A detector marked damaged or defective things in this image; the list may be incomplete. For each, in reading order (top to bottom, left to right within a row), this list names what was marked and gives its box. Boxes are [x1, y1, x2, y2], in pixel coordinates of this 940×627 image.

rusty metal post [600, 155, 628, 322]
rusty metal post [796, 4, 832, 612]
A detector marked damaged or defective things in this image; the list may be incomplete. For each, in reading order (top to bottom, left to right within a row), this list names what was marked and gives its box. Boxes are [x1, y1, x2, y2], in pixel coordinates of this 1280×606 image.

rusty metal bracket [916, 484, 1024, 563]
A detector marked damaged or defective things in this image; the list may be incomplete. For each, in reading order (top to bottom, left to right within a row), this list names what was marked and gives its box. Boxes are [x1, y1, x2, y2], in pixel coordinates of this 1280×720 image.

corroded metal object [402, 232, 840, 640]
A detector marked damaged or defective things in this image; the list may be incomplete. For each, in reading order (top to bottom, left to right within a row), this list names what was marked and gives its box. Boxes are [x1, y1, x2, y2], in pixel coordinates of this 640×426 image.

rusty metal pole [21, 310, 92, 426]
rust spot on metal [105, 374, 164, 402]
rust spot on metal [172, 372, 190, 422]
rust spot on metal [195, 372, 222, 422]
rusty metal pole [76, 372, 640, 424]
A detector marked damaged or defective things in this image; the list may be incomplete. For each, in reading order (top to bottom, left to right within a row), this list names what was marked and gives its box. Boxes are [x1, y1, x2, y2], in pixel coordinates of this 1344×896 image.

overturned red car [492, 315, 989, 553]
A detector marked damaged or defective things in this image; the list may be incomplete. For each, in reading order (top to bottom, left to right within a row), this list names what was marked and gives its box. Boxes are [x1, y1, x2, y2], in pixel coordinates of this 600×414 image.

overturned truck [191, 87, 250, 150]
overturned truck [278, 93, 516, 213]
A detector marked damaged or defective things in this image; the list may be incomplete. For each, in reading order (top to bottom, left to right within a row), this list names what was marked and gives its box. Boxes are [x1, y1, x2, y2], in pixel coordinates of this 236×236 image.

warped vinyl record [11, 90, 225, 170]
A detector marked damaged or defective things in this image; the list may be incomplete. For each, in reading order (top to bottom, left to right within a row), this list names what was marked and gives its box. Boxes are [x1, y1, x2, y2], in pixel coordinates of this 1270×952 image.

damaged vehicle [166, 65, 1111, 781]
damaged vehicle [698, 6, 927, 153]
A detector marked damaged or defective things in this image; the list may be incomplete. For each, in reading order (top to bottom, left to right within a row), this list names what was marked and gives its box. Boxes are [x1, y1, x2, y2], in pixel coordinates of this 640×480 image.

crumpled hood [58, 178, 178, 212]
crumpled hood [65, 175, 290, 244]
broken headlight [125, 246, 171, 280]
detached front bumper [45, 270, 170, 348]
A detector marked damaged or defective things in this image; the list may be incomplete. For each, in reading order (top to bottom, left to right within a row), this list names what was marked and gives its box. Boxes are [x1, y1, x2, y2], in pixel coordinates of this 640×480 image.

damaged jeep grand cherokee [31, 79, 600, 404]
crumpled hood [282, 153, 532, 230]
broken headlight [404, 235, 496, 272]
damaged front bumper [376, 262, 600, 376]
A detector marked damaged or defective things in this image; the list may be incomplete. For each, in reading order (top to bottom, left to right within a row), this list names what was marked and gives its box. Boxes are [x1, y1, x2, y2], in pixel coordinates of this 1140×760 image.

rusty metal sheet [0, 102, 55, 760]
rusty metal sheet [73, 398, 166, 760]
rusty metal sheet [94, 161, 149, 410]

_AIM OF THE EXERCISE_
A word-for-word copy of the material above is required.

_EXPECTED OUTPUT_
A detector marked damaged or defective things in this image; the list may be incomplete. For each, in reading order (top to bottom, left to right within a row), this list names what was marked and gives its box. Boxes are [x1, y1, x2, y2], in pixel coordinates of this 940×627 image.

rusty metal post [600, 155, 628, 322]
rusty metal post [796, 4, 832, 612]
A detector marked damaged or defective things in this image; the list may be incomplete. For each, in reading order (top to bottom, left to right within a row), this list names what was marked and gives its box. Boxes are [x1, y1, x2, y2], in pixel coordinates of this 1280×606 image.

rusty metal bracket [916, 484, 1024, 563]
A detector marked damaged or defective things in this image; the list may be incomplete. For each, in reading order (top to bottom, left to right within a row), this list names what was marked and gives its box. Boxes are [x1, y1, x2, y2], in pixel coordinates of this 1280×720 image.

corroded metal object [402, 232, 840, 640]
A detector marked damaged or defective things in this image; the list may be incomplete. For each, in reading order (top to bottom, left to right within a row), this list names what was marked and gives its box. Boxes are [x1, y1, x2, y2], in pixel coordinates of this 640×426 image.

rusty metal pole [21, 310, 92, 426]
rust spot on metal [105, 374, 164, 402]
rust spot on metal [172, 372, 190, 422]
rust spot on metal [195, 372, 222, 422]
rusty metal pole [76, 372, 640, 424]
A detector marked damaged or defective things in this image; the list may be incomplete. For each, in reading order (top to bottom, left to right within a row), this list names what was marked and gives its box. Boxes are [x1, y1, x2, y2], in pixel coordinates of this 1344×896 image.

overturned red car [492, 315, 989, 553]
A detector marked damaged or defective things in this image; the list may be incomplete. For each, in reading order (top to bottom, left to right within a row), this list names what was marked and gives its box. Boxes are [x1, y1, x2, y2], in pixel coordinates of this 600×414 image.

overturned truck [191, 87, 250, 150]
overturned truck [278, 93, 516, 213]
A detector marked damaged or defective things in this image; the list may be incomplete. For each, in reading order (top to bottom, left to right within a row), this list names what was marked and gives its box. Boxes are [x1, y1, x2, y2], in pixel coordinates of this 236×236 image.

warped vinyl record [11, 90, 225, 170]
A detector marked damaged or defective things in this image; the list may be incomplete. For each, in reading order (top to bottom, left to right within a row), this list names what was marked and gives its box. Boxes are [x1, y1, x2, y2], in pixel coordinates of this 1270×952 image.

damaged vehicle [166, 65, 1111, 781]
damaged vehicle [698, 6, 927, 153]
A detector marked damaged or defective things in this image; the list may be incomplete. For each, in reading order (top to bottom, left to right within a row), this list names what was marked and gives its box. Boxes are [x1, y1, x2, y2], in pixel coordinates of this 640×480 image.

crumpled hood [58, 178, 178, 212]
crumpled hood [65, 175, 290, 244]
broken headlight [125, 246, 171, 280]
detached front bumper [45, 270, 170, 348]
A detector marked damaged or defective things in this image; the list may be incomplete. For each, in reading order (top to bottom, left to right within a row), this list names what was marked and gives its box. Boxes are [x1, y1, x2, y2], in pixel coordinates of this 640×480 image.

damaged jeep grand cherokee [31, 79, 600, 404]
crumpled hood [282, 153, 532, 230]
broken headlight [404, 235, 496, 272]
damaged front bumper [376, 262, 600, 376]
A detector marked damaged or defective things in this image; the list may be incomplete. For each, in reading order (top to bottom, left to right within a row), this list names what was marked and gives its box. Boxes are [x1, y1, x2, y2], in pixel coordinates of this 1140×760 image.

rusty metal sheet [0, 102, 55, 760]
rusty metal sheet [73, 398, 166, 760]
rusty metal sheet [94, 161, 149, 410]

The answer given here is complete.